Morì per overdose mentre era in stato di arresto in questura a Milano. Adesso l’Italia dovrà pagare 30mila euro per danni morali alla madre, alla compagna e alla figlia della vittima.

Lo ha deciso la Corte europea dei diritti umani, che ha condannato il nostro Paese per aver violato il diritto alla vita di un uomo indicato con le iniziali "C.C".

L’uomo era stato arrestato per reati legati al traffico di droga e portato in questura a Milano la notte del 10 maggio 2001. Mentre era sotto custodia è morto di overdose.

Seguì una lunga battaglia giudiziaria: il pubblico ministero aprì un'indagine preliminare sul decesso e il 3 aprile 2003 decise che dalle prove raccolte non erano emersi elementi che potevano collegare la morte dell'uomo a eventi esterni commessi da terzi. La madre, la compagna e la figlia della vittima presentarono comunque una richiesta di risarcimento danni contro il ministero dell'Interno per omissione di soccorso e omessa sorveglianza. Il tribunale di primo grado ritenne il ministero dell'Interno responsabile della morte dell'uomo e riconobbe 100mila euro di danni alla madre e 125mila alla figlia. Ma il Viminale fece appello e lo vinse, così come vinse in Corte di Cassazione.
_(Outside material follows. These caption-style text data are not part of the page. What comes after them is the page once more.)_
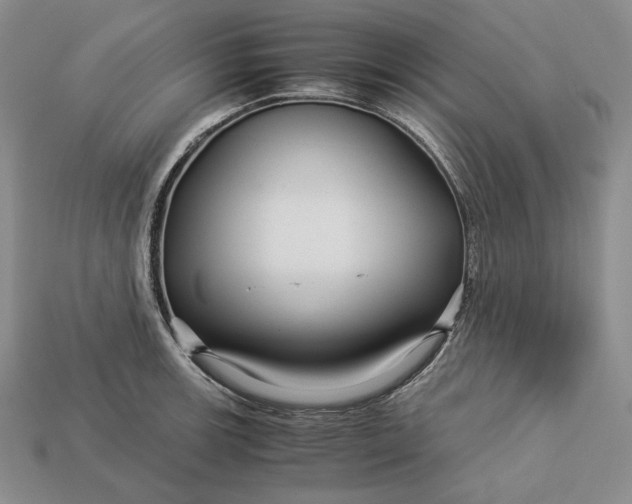 X0000112881139200909111437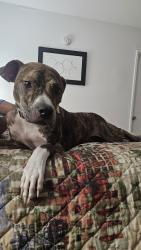 Found/Stray Male Dog last seen Jasper Ave, Jacksonville, FL 32211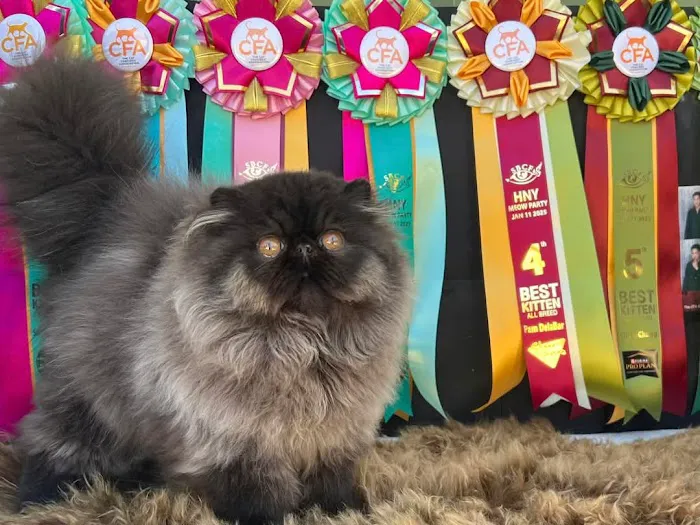 Galaxy Exotic Persian Cattery 1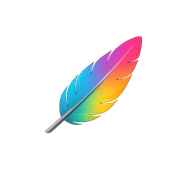 Bird Palette
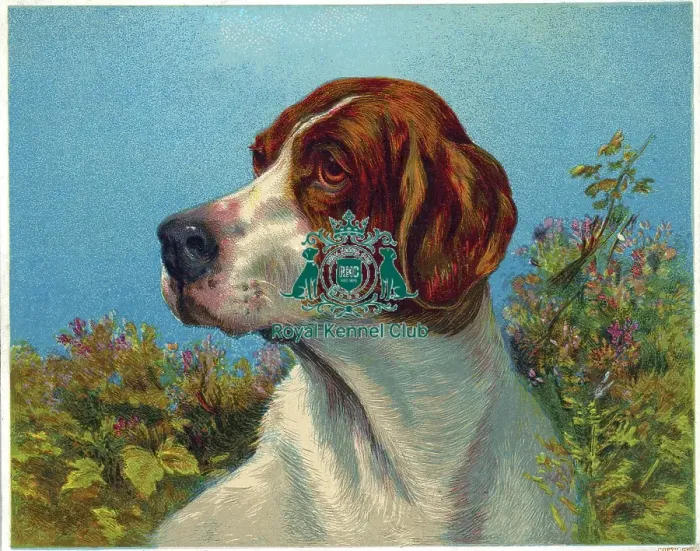 Framed Print : Celia Haddon Collection Framed Print : Celia Haddon Collection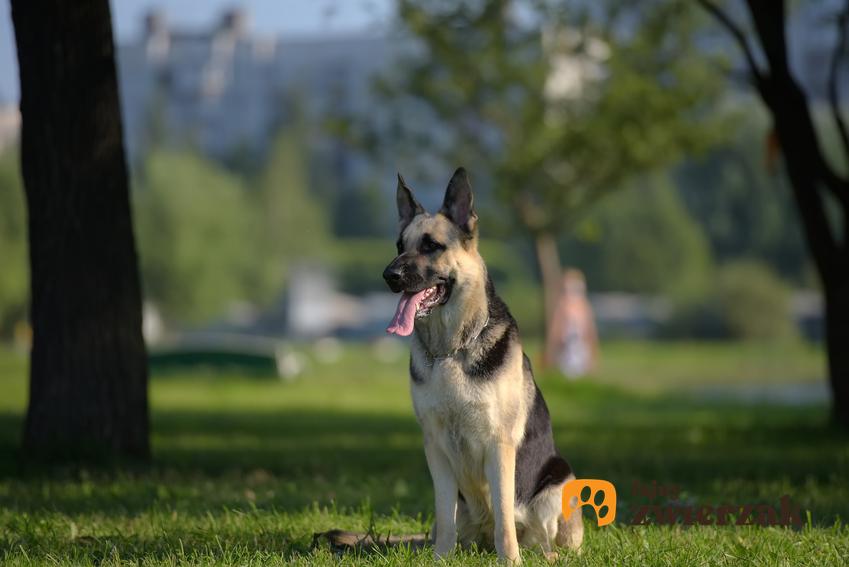 Pies rasy owczarek wschodnioeuropejski na tle zieleni, a także jego charakter i cena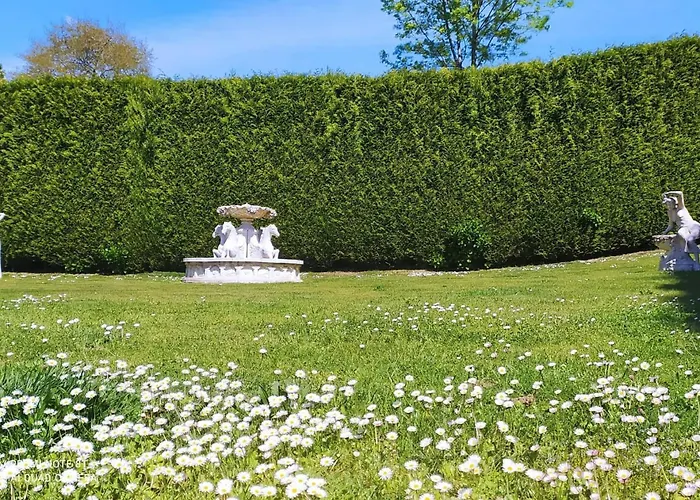 酒店 巴雷罗酒店 3*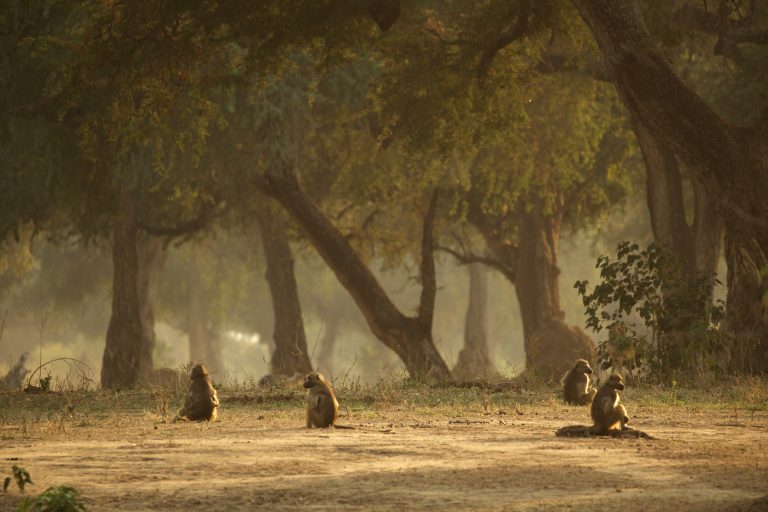 Riverine forest landscape in Mana Pools National Park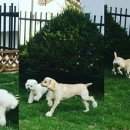 놀러왕왕왕 이미지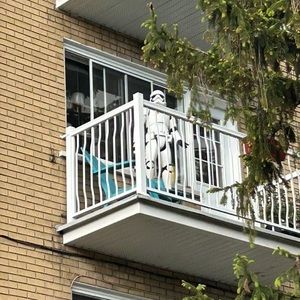 Meet your Posher, David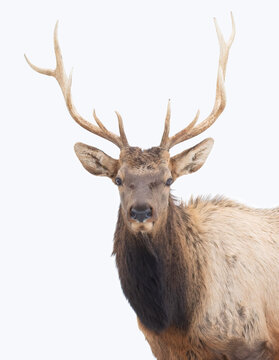 Bull Elk with large antlers isolated against a white background walking in the winter snow in Canada © Jim Cumming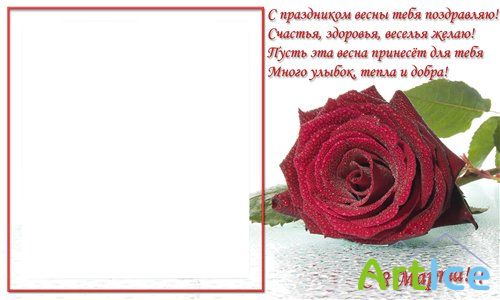    (75 .)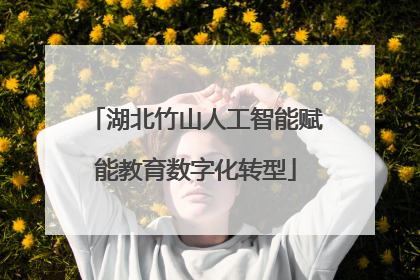 湖北竹山人工智能赋能教育数字化转型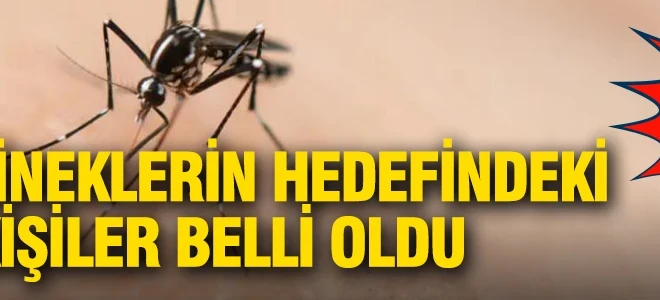 Sivrisineklerin hedefindeki kişiler belli oldu: Bilim insanları açıkladı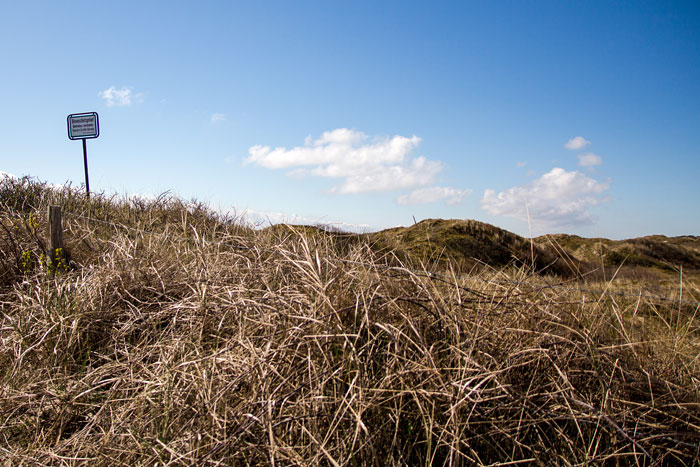 Nordostdünen im Frühjahr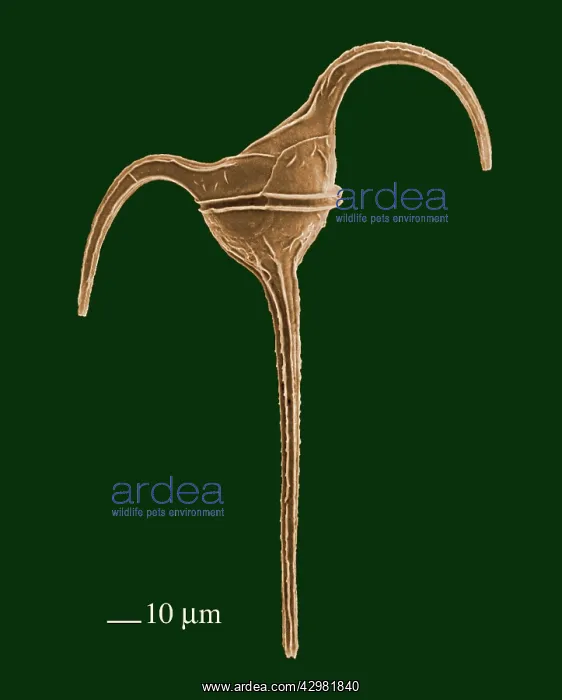  : Microalga - the micro-algae have very graphic forms
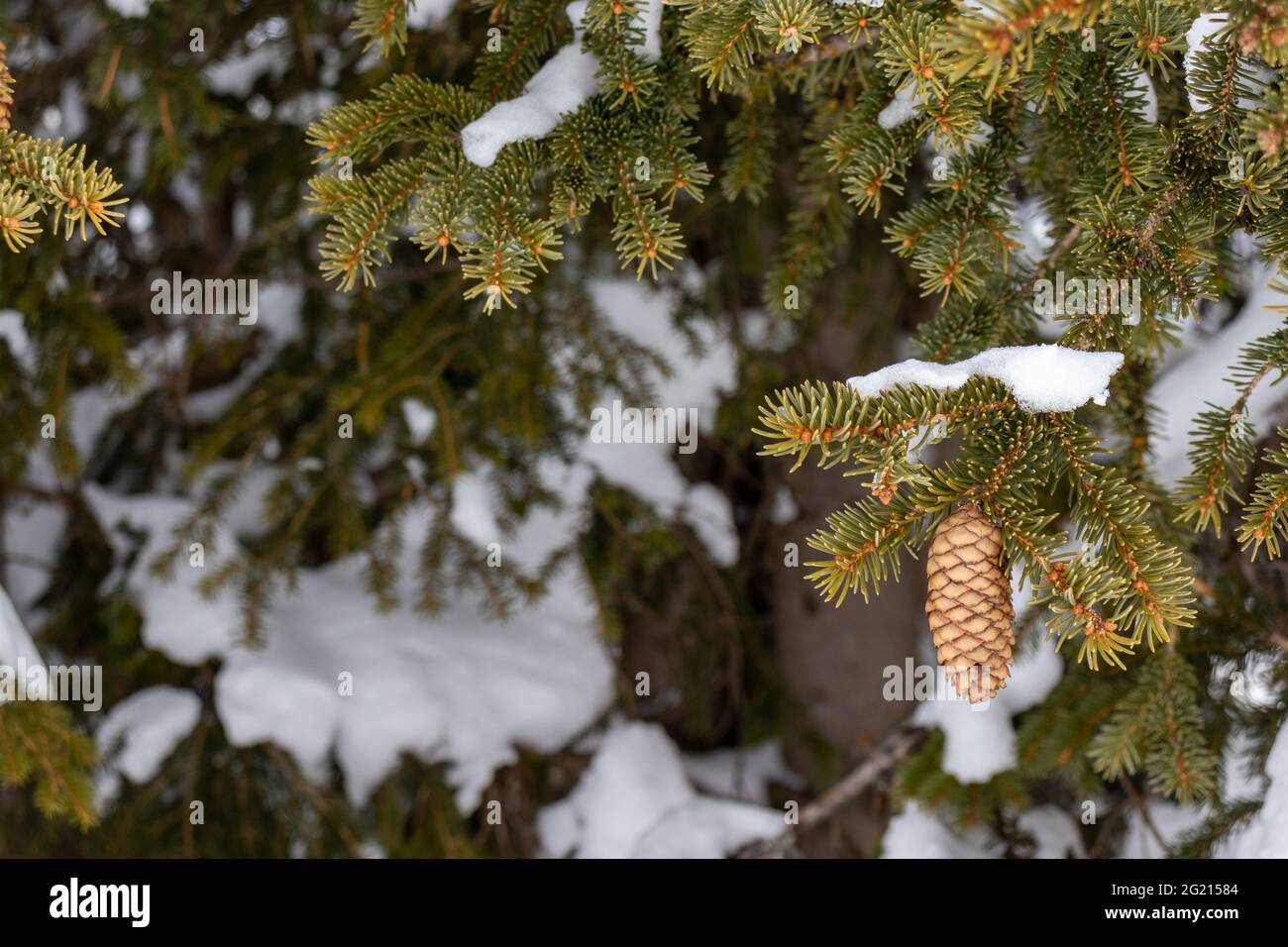 Selective focus shot of spruce trees with pine in winter Stock Photo ...
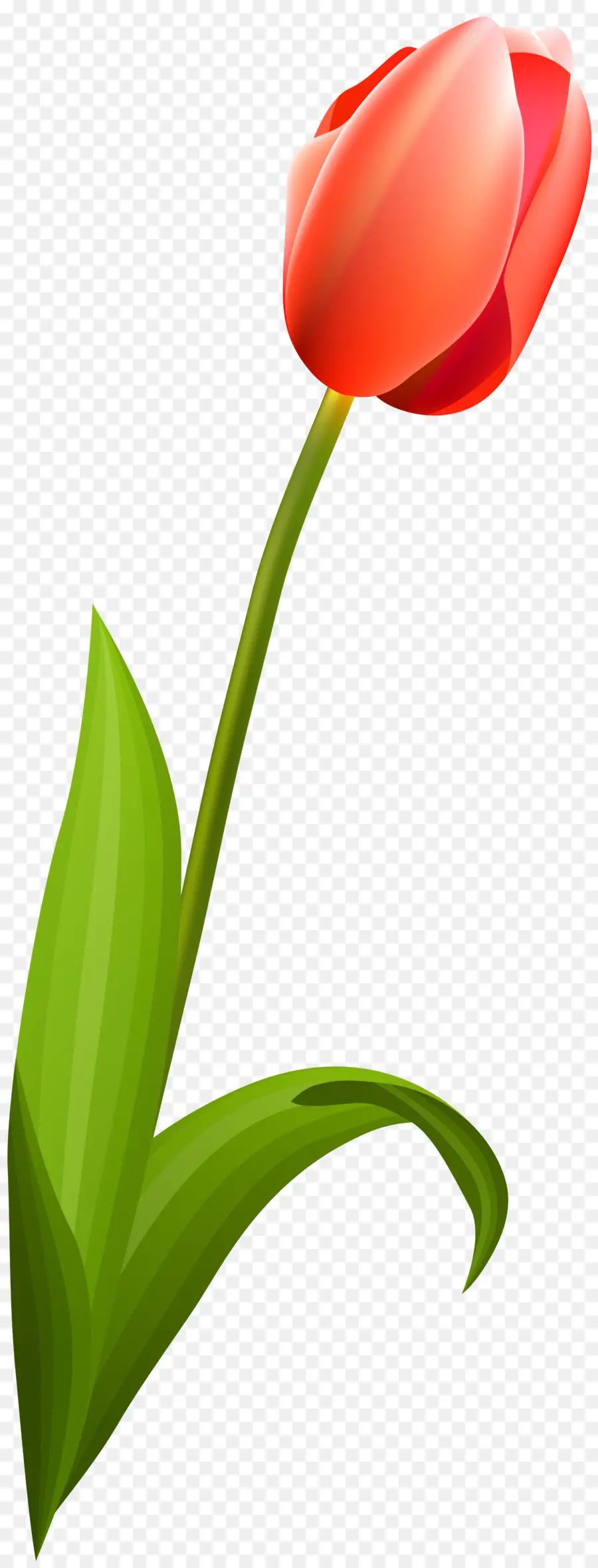 La Floración De La Planta，Tulip PNG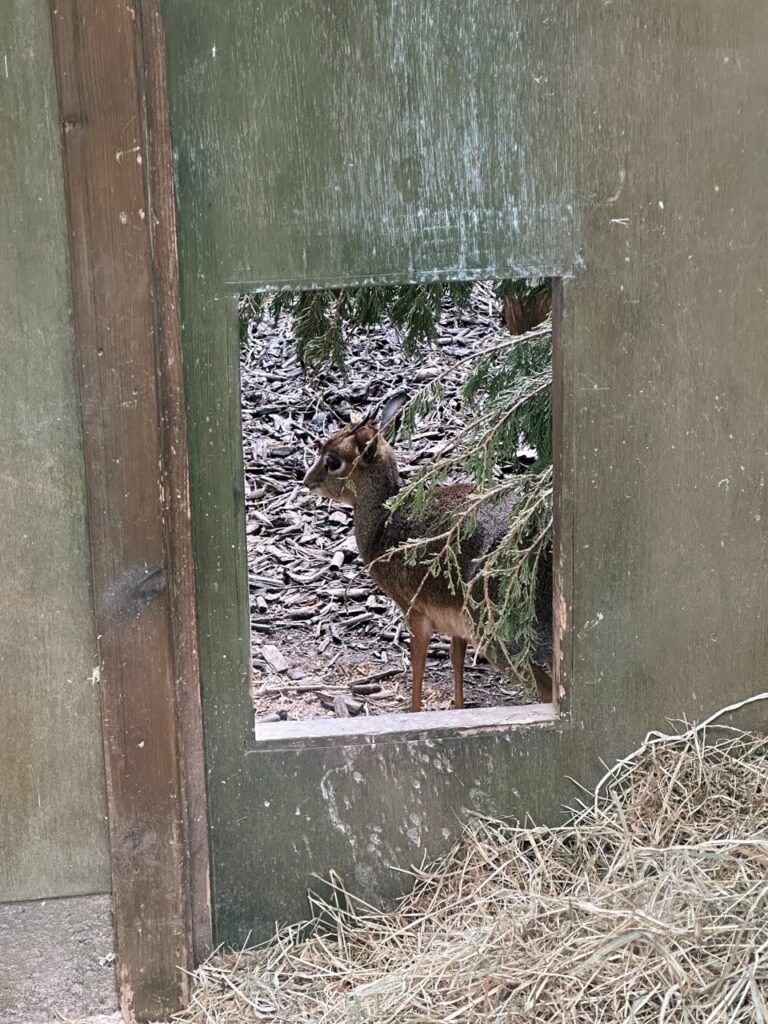 Edinburgh Zoo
Le donne hanno dunque fatto ricorso alla Corte di Strasburgo il 23 dicembre 2011. Dopo dodici anni i giudici internazionali hanno stabilito che hanno ragione: «Il governo non ha dimostrato in modo convincente di aver offerto alla vittima una protezione sufficiente e ragionevole della sua vita» pur essendo al corrente delle sue condizioni e dei rischi connessi.